Setengah Delapan

28 3 1
                                    

Semua tampak normal. Hari pertama masuk sekolah yang normal. Sampai jam setengah delapan pagi, senin ini adalah senin yang biasa. Ada upacara bendera hari ini. Dan tentu saja. Masa Orientasi Siswa juga dimulai hari ini.

Bulan Agustus, Tanggal 7, 3 Tahun lalu.

Seperti yang sudah ku bilang tadi. Senin ini sama seperti Senin lainnya. Hanya saja pada jam setengah delapan pagi ada sebuah insiden yang mungkin takkan bisa dilupakan oleh Je. Park Jaehyung atau biasa dipanggil Bang Jeje. Dia pindahan Jakarta ketika masih kelas 5 SD. Jadi ya... Bisa dibilang sekarang dia menjelma jadi remaja pasundan biasa.

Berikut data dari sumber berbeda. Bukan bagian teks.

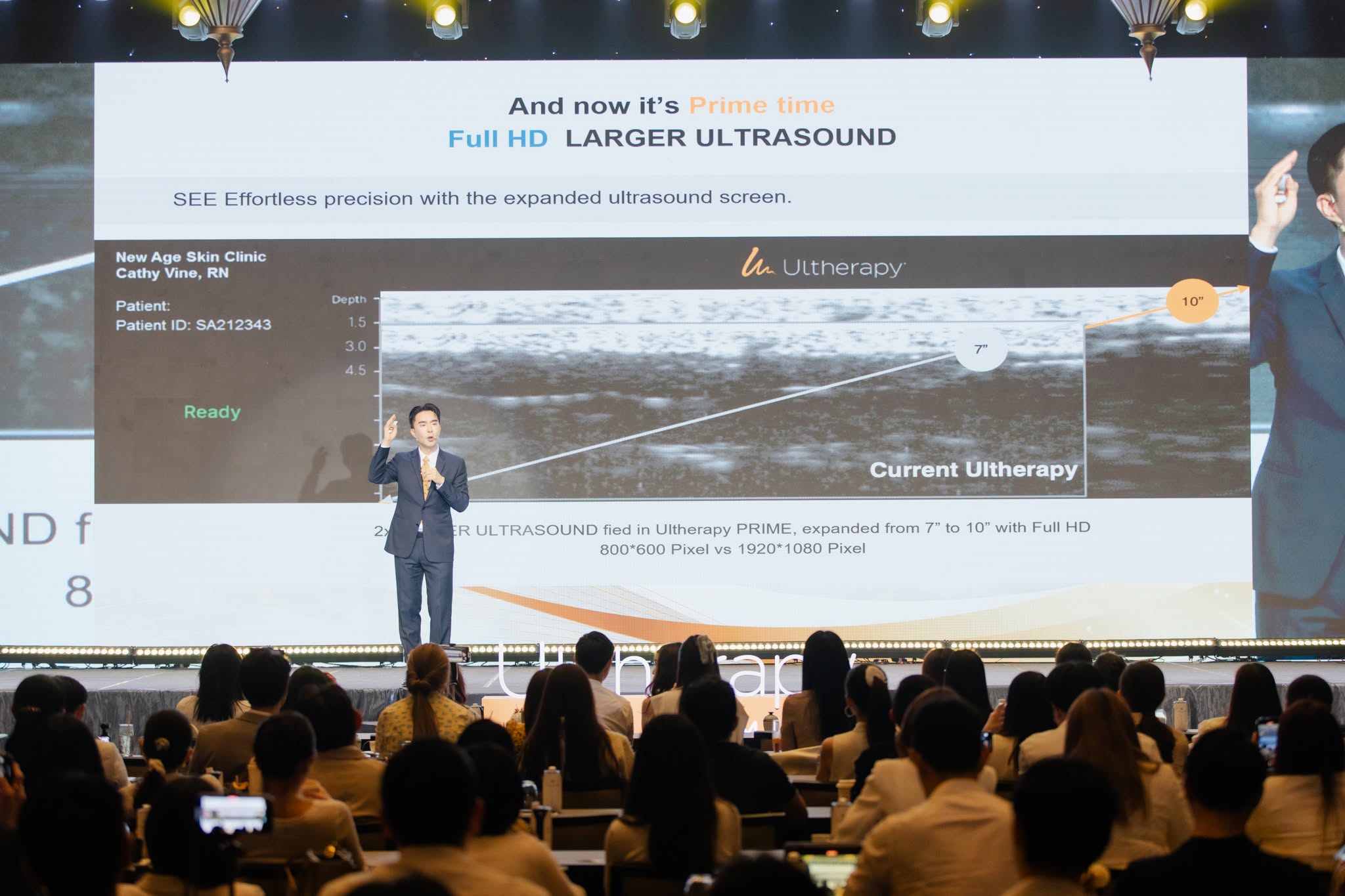 ภาพงานเปิดตัว Ultherapy Prime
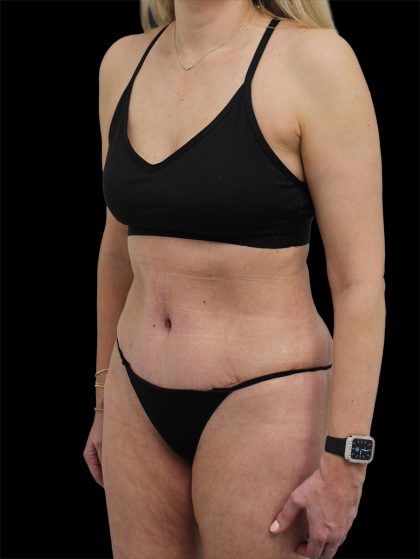 Tummy Tuck Before & After Patient #2694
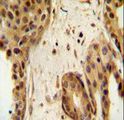 STAT2 Antibody - STAT2 Antibody immunohistochemistry of formalin-fixed and paraffin-embedded human breast carcinoma followed by peroxidase-conjugated secondary antibody and DAB staining.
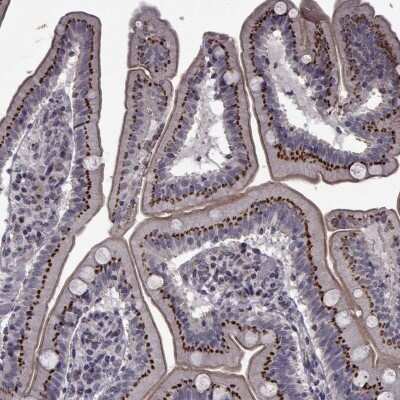 Immunocytochemistry/ Immunofluorescence: ATP6V1C2 Antibody [NBP2-68854]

Saat itu, gerimis hujan memulai harinya. Mendung. Perasaannya juga sedang seperti langit yang tengah bersedih. Sedih yang dirasa olehnya sepertinya tak seperti sedih orang biasa, hanya anak yang suka menulis lagu saja yang sepertinya benar-benar mengerti perasaannya saat itu.

Bagaimana tidak? Lirik lagu yang dia kerjakan selama liburan hilang entah kemana seperti ditelan bumi. Hilang tanpa jejak. Sudah dapat dipastikan bagaimana perasaannya kali ini.

Dia sudah tampak lesu di pagi hari. Padahal, dia selalu tak bisa diam ketika pelajaran sedang susah-susahnya. Bahkan dia tak takut tertawa keras ketika guru yang mengajar adalah guru yang terkenal akan sikap killer-nya.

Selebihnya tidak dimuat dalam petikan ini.